Tiny, not sounding pleased, said, “Whadawe got here?”
“I need stuff for your new identities,” Green explained. “Photos, fingerprints, eye and palm scans, a swab for DNA.”
Stan said, “Without even a phone call to my lawyer?”
Kelp said, “It’s okay, Stan, it just stays with him.”
Green said, “Also, I’m gonna tape-record little bios from you, where you grew up, where you went to school, any jobs, specialties, scars or things like that I wouldn’t see, stuff like that. The closer I can get the new you to the old you, the less you got to memorize.”
Tiny said, “Dortmunder?
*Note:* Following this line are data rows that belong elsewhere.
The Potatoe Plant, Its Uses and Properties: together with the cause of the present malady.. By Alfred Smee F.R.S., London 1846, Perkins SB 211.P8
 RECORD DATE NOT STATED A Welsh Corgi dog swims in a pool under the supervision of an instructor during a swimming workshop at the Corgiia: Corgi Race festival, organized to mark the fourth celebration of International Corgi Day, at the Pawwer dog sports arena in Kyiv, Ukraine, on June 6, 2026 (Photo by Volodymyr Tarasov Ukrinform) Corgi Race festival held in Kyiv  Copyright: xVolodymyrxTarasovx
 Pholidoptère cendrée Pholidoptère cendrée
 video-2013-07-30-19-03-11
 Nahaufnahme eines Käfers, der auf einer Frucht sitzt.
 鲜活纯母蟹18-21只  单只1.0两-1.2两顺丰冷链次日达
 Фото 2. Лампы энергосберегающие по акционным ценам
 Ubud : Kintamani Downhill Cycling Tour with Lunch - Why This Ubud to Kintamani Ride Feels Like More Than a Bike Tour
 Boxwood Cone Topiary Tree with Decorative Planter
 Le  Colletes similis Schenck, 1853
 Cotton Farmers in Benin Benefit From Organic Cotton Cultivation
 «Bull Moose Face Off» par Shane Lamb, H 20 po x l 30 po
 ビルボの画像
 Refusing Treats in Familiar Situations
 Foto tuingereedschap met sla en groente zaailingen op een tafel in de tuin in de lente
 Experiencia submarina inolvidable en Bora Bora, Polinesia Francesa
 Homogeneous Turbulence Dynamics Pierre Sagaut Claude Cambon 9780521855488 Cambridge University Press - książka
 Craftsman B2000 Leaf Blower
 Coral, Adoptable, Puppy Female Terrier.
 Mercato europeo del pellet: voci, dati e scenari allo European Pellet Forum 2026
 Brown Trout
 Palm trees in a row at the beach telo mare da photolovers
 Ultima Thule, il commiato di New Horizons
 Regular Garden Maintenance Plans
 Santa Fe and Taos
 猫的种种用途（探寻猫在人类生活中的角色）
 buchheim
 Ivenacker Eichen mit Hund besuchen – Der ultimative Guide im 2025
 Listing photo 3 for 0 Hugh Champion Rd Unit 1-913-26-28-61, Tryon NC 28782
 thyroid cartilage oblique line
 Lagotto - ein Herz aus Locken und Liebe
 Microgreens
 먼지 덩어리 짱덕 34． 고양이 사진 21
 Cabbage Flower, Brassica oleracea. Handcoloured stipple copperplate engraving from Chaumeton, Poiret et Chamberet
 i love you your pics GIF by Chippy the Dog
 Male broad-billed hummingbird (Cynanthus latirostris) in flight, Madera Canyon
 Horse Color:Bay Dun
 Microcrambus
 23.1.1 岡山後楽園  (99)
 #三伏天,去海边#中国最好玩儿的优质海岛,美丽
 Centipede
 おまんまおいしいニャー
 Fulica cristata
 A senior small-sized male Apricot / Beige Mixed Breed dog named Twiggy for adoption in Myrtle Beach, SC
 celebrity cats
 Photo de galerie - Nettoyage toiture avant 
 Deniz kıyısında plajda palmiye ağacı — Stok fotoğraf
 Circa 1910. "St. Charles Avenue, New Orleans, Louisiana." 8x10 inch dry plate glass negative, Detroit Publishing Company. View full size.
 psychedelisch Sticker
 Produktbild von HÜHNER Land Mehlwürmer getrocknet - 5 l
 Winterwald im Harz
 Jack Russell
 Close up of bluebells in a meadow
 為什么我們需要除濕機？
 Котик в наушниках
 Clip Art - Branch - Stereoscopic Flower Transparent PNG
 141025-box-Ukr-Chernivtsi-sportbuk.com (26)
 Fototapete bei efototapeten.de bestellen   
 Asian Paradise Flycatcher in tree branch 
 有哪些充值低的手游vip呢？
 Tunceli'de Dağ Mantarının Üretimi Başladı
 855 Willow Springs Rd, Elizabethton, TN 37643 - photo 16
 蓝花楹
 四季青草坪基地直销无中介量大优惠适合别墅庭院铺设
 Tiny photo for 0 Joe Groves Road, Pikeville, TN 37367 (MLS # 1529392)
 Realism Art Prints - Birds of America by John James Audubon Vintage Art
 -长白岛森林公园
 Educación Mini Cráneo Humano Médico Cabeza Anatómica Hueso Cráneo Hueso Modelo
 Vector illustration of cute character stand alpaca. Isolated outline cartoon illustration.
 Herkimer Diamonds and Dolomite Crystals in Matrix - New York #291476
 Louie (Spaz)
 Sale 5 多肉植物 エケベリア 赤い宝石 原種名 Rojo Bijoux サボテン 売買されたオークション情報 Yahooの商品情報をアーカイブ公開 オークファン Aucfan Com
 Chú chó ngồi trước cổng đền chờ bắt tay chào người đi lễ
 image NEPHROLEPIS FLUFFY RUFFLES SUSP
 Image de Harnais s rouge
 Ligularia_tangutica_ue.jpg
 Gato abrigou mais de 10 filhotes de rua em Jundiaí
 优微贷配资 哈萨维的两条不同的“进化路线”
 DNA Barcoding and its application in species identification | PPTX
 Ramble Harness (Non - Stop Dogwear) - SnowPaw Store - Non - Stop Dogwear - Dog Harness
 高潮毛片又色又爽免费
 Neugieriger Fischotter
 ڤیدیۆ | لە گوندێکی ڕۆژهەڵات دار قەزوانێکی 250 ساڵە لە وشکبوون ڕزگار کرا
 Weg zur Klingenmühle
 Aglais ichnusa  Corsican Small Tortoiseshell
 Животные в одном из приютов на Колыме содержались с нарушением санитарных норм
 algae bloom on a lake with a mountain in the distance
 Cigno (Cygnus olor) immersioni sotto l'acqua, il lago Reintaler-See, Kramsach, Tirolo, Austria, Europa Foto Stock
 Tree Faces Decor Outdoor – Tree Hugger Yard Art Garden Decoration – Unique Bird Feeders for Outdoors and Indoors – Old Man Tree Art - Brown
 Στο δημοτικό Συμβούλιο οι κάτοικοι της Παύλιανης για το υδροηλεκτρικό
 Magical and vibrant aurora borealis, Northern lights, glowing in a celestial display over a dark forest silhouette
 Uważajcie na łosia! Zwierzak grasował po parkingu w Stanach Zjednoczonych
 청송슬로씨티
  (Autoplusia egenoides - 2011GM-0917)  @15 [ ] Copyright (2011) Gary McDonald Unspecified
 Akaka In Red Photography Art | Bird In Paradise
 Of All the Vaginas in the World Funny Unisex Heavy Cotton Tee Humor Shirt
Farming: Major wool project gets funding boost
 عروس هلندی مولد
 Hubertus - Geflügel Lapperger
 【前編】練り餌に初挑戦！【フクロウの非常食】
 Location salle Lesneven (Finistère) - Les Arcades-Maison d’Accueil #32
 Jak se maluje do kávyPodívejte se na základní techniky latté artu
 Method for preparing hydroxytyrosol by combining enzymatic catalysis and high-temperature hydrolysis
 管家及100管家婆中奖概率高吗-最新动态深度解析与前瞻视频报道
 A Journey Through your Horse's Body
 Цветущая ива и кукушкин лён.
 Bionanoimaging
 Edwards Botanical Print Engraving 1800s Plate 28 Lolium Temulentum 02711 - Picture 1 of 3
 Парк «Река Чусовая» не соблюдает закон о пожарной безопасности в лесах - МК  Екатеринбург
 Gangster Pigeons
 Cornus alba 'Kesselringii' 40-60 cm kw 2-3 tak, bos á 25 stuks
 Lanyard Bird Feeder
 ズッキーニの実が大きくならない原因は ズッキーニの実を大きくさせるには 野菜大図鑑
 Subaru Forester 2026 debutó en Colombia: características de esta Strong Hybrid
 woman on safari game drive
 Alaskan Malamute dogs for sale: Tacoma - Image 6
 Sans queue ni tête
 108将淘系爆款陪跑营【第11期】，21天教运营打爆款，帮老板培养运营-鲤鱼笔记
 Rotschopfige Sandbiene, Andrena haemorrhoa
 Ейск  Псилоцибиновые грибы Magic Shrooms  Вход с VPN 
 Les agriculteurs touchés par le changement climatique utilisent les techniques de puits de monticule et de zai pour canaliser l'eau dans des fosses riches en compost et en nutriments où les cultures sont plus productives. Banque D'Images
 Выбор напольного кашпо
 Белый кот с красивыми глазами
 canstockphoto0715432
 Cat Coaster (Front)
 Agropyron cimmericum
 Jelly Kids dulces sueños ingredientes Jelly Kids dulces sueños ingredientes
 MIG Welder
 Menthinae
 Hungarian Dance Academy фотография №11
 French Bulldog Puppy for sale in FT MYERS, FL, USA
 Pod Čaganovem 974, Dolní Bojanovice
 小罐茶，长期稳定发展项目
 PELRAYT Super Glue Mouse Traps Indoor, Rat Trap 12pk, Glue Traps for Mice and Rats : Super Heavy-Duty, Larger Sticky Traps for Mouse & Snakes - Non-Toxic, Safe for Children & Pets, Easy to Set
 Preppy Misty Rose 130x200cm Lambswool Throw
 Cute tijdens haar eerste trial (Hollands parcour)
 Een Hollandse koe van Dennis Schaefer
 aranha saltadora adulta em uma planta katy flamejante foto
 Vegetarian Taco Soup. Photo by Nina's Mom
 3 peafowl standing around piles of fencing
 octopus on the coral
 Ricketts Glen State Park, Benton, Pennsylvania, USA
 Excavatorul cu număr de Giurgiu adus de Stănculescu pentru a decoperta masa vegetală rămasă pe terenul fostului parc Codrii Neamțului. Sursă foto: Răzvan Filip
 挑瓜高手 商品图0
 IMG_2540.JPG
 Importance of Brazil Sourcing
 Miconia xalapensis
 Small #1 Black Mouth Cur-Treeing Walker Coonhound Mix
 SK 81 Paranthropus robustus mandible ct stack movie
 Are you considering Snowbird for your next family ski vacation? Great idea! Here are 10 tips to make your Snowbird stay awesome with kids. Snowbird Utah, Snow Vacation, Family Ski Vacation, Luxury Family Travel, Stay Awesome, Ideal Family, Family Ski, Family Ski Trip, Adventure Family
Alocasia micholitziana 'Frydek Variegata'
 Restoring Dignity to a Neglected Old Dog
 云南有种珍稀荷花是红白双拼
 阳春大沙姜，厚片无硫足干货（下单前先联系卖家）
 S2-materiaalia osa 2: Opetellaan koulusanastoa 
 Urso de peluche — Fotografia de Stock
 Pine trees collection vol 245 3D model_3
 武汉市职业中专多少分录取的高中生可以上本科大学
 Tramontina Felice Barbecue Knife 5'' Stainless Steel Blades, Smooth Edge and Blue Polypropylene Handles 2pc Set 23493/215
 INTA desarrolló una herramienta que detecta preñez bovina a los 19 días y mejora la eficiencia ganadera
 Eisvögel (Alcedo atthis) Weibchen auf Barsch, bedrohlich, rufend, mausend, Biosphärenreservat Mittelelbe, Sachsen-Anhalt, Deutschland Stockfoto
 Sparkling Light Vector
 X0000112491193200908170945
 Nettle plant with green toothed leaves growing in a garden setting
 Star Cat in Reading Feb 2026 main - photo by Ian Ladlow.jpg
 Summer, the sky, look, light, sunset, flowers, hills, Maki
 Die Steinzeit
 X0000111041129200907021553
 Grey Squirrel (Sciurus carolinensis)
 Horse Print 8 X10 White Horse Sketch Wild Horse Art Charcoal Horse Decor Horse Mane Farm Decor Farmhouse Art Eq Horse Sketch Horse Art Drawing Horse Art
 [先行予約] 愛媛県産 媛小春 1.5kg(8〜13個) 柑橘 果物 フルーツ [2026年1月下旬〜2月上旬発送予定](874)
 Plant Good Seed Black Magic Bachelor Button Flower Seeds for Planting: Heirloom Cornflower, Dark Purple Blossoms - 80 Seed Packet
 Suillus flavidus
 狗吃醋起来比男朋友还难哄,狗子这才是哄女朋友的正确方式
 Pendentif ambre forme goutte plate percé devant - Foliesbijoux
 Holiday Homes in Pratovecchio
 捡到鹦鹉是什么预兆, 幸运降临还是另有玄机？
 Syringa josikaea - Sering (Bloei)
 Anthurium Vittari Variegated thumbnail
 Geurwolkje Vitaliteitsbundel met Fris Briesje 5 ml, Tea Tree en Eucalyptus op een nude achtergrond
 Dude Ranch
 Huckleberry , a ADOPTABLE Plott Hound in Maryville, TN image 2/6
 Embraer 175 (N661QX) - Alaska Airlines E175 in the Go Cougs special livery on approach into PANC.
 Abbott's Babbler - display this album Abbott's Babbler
This is what we’re doing?”
“He’s Andy’s friend,” Dortmunder said.
“Well, he’s Anne Marie’s friend,” Kelp said, “but he’s okay, Tiny, I’m pretty sure.”
Green smiled, friendly with them all. “You really can trust me,” he said.
Tiny considered him. “No,” he decided. “I don’t have to trust you. I just have to find you, if I want to, and you got found once, so you could get found twice. If we want to. So go ahead.” Turning his massive head to the left, he said, “This is my good profile.”